■ Work instruction:
Your task is to print all of the data word for word.
(Supplied data Opens)
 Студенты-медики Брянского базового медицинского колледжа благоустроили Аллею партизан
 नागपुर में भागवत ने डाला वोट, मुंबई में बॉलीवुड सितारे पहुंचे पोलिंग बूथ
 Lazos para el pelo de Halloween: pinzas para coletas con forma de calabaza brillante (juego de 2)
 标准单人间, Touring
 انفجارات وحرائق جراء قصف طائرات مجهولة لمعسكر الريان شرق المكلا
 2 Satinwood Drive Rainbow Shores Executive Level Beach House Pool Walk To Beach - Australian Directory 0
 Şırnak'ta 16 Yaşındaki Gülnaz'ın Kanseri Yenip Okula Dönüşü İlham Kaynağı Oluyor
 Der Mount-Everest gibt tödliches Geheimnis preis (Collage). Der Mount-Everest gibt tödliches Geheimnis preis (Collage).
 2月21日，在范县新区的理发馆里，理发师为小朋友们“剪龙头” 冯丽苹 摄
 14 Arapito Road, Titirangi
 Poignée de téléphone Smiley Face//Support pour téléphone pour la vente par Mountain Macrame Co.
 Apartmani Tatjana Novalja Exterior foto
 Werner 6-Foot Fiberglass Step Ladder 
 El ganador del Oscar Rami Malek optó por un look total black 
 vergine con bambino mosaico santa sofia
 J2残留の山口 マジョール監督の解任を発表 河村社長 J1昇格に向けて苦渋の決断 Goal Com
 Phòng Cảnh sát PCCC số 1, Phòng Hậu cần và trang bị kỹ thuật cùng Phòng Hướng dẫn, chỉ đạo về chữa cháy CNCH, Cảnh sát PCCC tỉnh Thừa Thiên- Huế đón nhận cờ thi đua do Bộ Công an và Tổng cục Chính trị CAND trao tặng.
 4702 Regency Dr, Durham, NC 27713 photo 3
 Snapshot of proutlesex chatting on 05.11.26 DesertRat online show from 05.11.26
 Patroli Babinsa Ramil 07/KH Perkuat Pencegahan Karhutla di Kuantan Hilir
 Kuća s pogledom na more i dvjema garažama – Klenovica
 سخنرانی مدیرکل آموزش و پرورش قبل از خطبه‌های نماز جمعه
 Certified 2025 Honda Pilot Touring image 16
(Supplied data Closes)
■ Reply to the exercise:
 Студенты-медики Брянского базового медицинского колледжа благоустроили Аллею партизан
 नागपुर में भागवत ने डाला वोट, मुंबई में बॉलीवुड सितारे पहुंचे पोलिंग बूथ
 Lazos para el pelo de Halloween: pinzas para coletas con forma de calabaza brillante (juego de 2)
 标准单人间, Touring
 انفجارات وحرائق جراء قصف طائرات مجهولة لمعسكر الريان شرق المكلا
 2 Satinwood Drive Rainbow Shores Executive Level Beach House Pool Walk To Beach - Australian Directory 0
 Şırnak'ta 16 Yaşındaki Gülnaz'ın Kanseri Yenip Okula Dönüşü İlham Kaynağı Oluyor
 Der Mount-Everest gibt tödliches Geheimnis preis (Collage). Der Mount-Everest gibt tödliches Geheimnis preis (Collage).
 2月21日，在范县新区的理发馆里，理发师为小朋友们“剪龙头” 冯丽苹 摄
 14 Arapito Road, Titirangi
 Poignée de téléphone Smiley Face//Support pour téléphone pour la vente par Mountain Macrame Co.
 Apartmani Tatjana Novalja Exterior foto
 Werner 6-Foot Fiberglass Step Ladder 
 El ganador del Oscar Rami Malek optó por un look total black 
 vergine con bambino mosaico santa sofia
 J2残留の山口 マジョール監督の解任を発表 河村社長 J1昇格に向けて苦渋の決断 Goal Com
 Phòng Cảnh sát PCCC số 1, Phòng Hậu cần và trang bị kỹ thuật cùng Phòng Hướng dẫn, chỉ đạo về chữa cháy CNCH, Cảnh sát PCCC tỉnh Thừa Thiên- Huế đón nhận cờ thi đua do Bộ Công an và Tổng cục Chính trị CAND trao tặng.
 4702 Regency Dr, Durham, NC 27713 photo 3
 Snapshot of proutlesex chatting on 05.11.26 DesertRat online show from 05.11.26
 Patroli Babinsa Ramil 07/KH Perkuat Pencegahan Karhutla di Kuantan Hilir
 Kuća s pogledom na more i dvjema garažama – Klenovica
 سخنرانی مدیرکل آموزش و پرورش قبل از خطبه‌های نماز جمعه
 Certified 2025 Honda Pilot Touring image 16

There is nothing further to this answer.